Source de la photo : Gralon.net
Une fois passé le défi du financement de son projet d’affaires, un autre « casse-tête » attend souvent l’entrepreneur dans le détour : l’embauche et la gestion des ressources humaines. Les erreurs d’embauche peuvent miner l’esprit de travail et ralentir la croissance de votre entreprise; et la gestion des ressources humaines prend toujours plus de temps qu’on l’espérerait… mais prendre le temps de lire (et de mettre en application) ces quelques conseils pourrait vous éviter bien des écueils.
S’enregistrer à titre d’employeur
Partie administrative importante : vous assurer d’avoir votre numéro d’employeur et d’être inscrit auprès de la CSST, de Revenu Québec et de Revenu Canada. Il est de la responsabilité de l’employeur d’informer, dès l’embauche, les différents ministères et organismes concernés.
Embaucher progressivement
Comme vous aller rapidement le constater, un employé coûte cher et accapare beaucoup de temps : recherche du candidat, formation, supervision, payer les retenues à la source chaque mois, etc.
Travailleur autonome ou salarié?
Un travailleur autonome contrôle son horaire et exécute le travail, souvent à distance.
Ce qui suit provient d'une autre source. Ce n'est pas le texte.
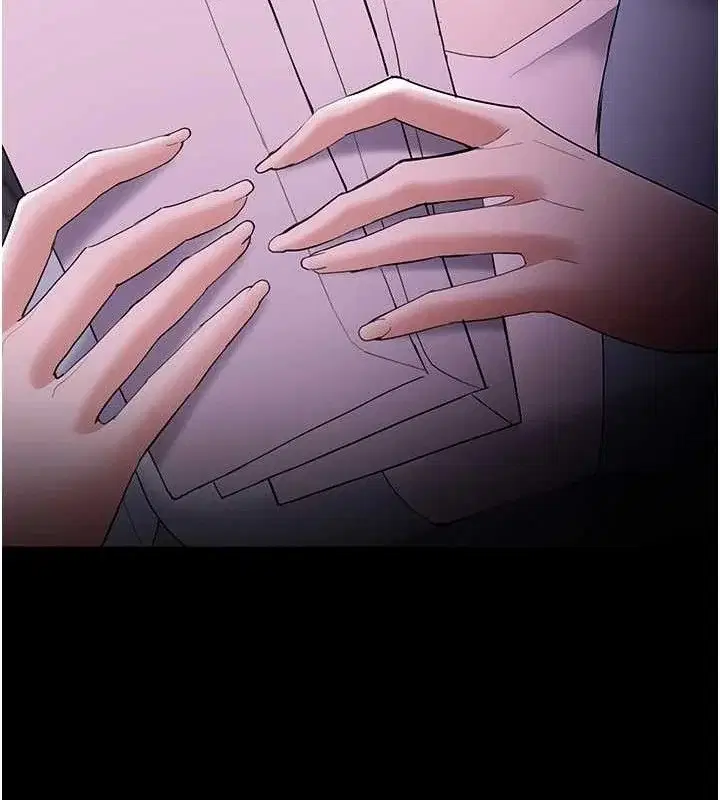 第127話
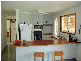 265 O’Regan Creek Road, Toogoom QLD 4655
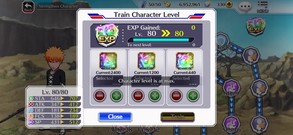 store_movie_lv100_en trailer thumbnail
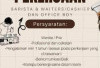 Lowongan Pekerjaan di Warkop Naik Kelas Bengkulu untuk Posisi Barista, Waiters, Kasir dan Office Boy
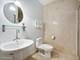635 N Dearborn Unit 903, Chicago, IL 60654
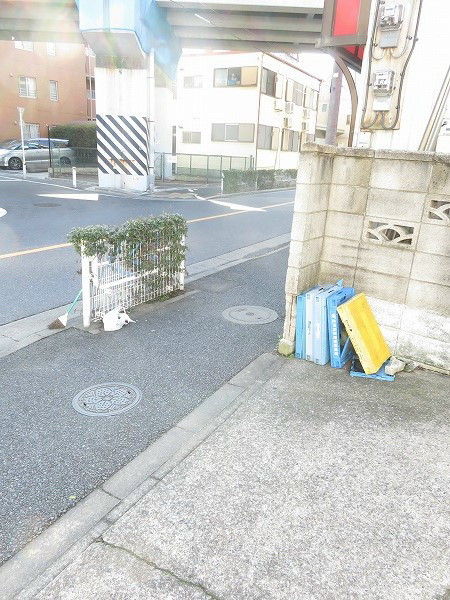 エレガンス s-IMG_2061.jpg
Il fournit également son propre équipement. Si vous employez un salarié, vous prenez alors les risques financiers et fournissez l’équipement. Cela influencera le paiement ou non d’assurances et retenues à la source. Dans le doute, il vaut mieux contacter Revenu Québec.
Faites appel à votre réseau
Il est avantageux d’engager quelqu’un que vous connaissez déjà ou qui vous a été recommandé, car il peut être extrêmement coûteux d’embaucher la mauvaise personne. Et attention : si personne dans votre entourage ne peut remplir le poste, il ne faut surtout pas négliger le processus d’embauche : évaluation des besoins, définition du poste et des responsabilités, entrevues et évaluation des différents candidats.
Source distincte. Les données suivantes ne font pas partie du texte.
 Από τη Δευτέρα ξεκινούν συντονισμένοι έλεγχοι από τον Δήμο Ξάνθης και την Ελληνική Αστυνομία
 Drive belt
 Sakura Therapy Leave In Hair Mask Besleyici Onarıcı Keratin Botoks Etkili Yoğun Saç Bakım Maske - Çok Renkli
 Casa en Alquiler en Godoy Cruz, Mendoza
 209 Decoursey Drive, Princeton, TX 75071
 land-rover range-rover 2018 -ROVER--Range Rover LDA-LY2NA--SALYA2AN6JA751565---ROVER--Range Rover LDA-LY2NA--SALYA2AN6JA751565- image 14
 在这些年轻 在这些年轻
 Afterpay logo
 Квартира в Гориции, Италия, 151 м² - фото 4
Mieux vaut prévenir que guérir : rédigez un contrat
Avoir un solide contrat d’embauche avec l’employé évitera les malentendus. Inscrivez-y les détails écrits de la rémunération, des commissions, des dépenses payées, des responsabilités et des règles de base de l’entreprise.
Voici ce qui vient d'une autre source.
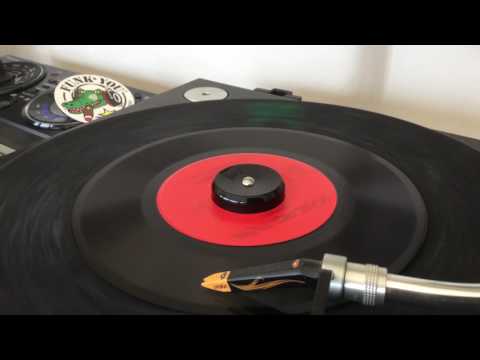 Third world creations " Universal Woman "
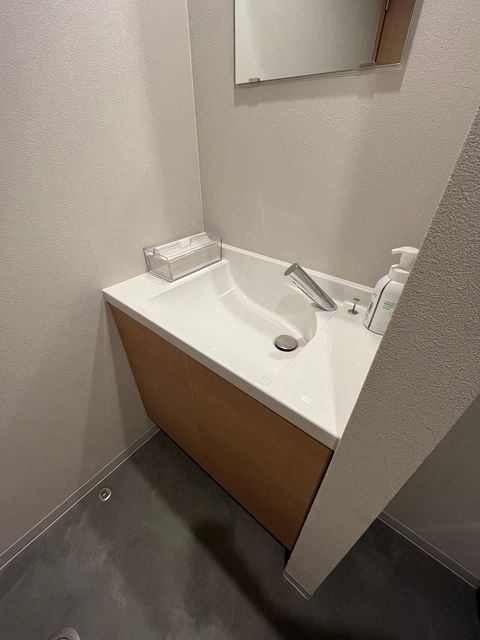 天満病院グループ梅田ビル (5).jpg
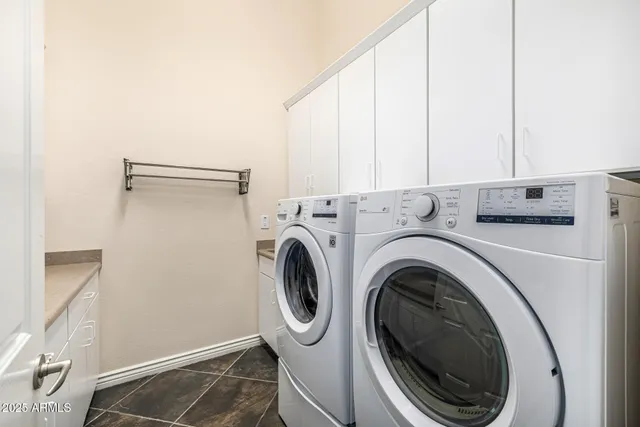 $1,550,000 | 41907 North Spy Glass Drive, Phoenix, AZ 85086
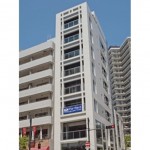  | OWCA AZABU-JUBAN Exterior photo 11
Dans le cas d’un travailleur autonome, prenez le temps de parler à ses autres clients pour connaître son niveau de professionnalisme. Il faut aussi s’assurer que la personne a les capacités techniques et les connaissances pour faire ce qu’on lui demande. Il est essentiel d’avoir un contrat de travail détaillé, comprenant une description du mandat, le prix et les échéanciers. Il faut s’entendre dès le début sur une méthode de travail : quand tiendrez-vous des rencontres? Combien de fois par semaine vous informera-t-il des avancements?
Documentez vos insatisfactions
Si des problèmes sérieux se présentent avec l’employé, il vaut toujours mieux garder des traces écrites pour éviter les poursuites en cas de congédiement. Par exemple, il faut envoyer des avertissements par courriel et prendre des notes sur les fautes commises.
Soyez à votre affaire
Payez à temps les retenues à la source, au provincial et au fédéral, sinon les pénalités s’accumulent rapidement.
Soyez à l’écoute
Au moins une fois par mois, une rencontre avec l’employé devrait être organisée pour faire le point. Faites-lui part de votre appréciation, des points à améliorer et soyez à l’écoute de ses commentaires, opinions et attentes. En tant que jeune dirigeant, il faut être prêt à s’améliorer constamment. Recevoir de la rétroaction de ses employés peut être une excellente façon de prendre connaissance de ses lacunes… et d’y remédier.
Faites-leur une place
Pour favoriser la rétention et la mobilisation de vos employés, intégrez-les au processus décisionnel, assurez-vous de les informer des enjeux importants et tenez compte de leurs recommandations.